Start of Block

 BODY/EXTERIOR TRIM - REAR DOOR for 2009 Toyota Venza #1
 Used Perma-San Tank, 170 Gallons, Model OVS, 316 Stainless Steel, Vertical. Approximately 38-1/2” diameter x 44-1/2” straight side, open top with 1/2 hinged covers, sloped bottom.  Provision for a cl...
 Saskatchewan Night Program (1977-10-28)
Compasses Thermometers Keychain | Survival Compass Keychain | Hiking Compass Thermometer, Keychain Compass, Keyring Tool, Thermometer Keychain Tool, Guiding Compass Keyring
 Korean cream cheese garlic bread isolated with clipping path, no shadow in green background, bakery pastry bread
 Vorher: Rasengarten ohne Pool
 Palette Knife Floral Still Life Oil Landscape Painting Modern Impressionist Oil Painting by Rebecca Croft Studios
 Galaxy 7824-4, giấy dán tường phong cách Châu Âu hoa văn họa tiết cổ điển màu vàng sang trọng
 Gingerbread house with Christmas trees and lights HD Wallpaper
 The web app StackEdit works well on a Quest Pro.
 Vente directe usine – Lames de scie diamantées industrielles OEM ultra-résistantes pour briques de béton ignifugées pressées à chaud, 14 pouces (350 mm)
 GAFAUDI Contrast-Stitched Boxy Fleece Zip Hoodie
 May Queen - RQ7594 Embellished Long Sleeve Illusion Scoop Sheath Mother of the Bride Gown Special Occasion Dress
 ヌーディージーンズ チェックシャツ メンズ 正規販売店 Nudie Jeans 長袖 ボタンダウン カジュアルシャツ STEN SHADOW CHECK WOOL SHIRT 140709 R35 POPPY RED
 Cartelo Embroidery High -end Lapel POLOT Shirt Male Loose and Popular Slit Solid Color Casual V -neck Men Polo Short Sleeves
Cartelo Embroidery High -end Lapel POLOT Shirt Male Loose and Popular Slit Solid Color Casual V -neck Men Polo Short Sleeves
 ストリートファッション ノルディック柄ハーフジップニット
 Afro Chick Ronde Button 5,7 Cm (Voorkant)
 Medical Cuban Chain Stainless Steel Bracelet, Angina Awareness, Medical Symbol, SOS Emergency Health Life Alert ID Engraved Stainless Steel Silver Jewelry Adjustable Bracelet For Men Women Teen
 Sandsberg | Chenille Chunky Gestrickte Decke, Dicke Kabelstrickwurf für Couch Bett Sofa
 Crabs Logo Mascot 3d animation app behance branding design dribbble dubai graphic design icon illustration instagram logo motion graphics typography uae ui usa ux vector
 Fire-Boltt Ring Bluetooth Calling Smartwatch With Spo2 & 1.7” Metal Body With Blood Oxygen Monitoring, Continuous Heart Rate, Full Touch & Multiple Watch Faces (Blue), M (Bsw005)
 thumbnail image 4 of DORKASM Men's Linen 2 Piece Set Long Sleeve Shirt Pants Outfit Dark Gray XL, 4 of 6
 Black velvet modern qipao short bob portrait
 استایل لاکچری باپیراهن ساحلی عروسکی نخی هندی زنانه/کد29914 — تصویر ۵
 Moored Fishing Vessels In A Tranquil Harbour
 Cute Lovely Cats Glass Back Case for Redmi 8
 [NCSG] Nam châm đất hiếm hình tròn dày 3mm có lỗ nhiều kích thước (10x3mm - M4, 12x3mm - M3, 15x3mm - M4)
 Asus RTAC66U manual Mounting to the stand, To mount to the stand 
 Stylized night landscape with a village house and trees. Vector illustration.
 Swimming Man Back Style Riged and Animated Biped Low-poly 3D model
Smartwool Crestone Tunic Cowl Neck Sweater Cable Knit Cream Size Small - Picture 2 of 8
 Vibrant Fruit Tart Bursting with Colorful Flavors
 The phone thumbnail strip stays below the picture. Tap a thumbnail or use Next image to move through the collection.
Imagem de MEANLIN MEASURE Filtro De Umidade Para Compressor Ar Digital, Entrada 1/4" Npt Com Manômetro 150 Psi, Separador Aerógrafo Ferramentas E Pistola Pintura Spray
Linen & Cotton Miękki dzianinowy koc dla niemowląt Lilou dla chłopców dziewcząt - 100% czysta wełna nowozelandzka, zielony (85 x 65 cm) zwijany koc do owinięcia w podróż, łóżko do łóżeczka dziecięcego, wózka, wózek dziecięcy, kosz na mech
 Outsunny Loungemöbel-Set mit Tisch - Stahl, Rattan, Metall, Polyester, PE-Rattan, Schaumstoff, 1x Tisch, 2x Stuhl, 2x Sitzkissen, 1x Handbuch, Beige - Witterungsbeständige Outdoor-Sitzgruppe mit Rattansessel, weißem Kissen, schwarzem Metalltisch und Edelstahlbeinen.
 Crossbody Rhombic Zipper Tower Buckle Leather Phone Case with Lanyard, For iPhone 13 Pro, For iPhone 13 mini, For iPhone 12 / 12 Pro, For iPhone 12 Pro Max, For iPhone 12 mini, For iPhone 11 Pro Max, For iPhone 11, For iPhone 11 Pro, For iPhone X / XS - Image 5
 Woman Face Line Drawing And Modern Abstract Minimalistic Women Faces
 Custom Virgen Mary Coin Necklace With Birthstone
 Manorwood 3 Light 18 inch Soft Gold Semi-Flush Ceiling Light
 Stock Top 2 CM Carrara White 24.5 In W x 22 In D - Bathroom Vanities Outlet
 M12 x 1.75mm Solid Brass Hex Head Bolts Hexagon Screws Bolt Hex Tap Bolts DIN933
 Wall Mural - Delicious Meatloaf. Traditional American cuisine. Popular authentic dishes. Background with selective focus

End of Block

### HOW TO COMPLETE THIS TASK
Look over the records above and copy each line that includes the string "Embroidery".

### EXERCISE SOLUTION
 Cartelo Embroidery High -end Lapel POLOT Shirt Male Loose and Popular Slit Solid Color Casual V -neck Men Polo Short Sleeves
Cartelo Embroidery High -end Lapel POLOT Shirt Male Loose and Popular Slit Solid Color Casual V -neck Men Polo Short Sleeves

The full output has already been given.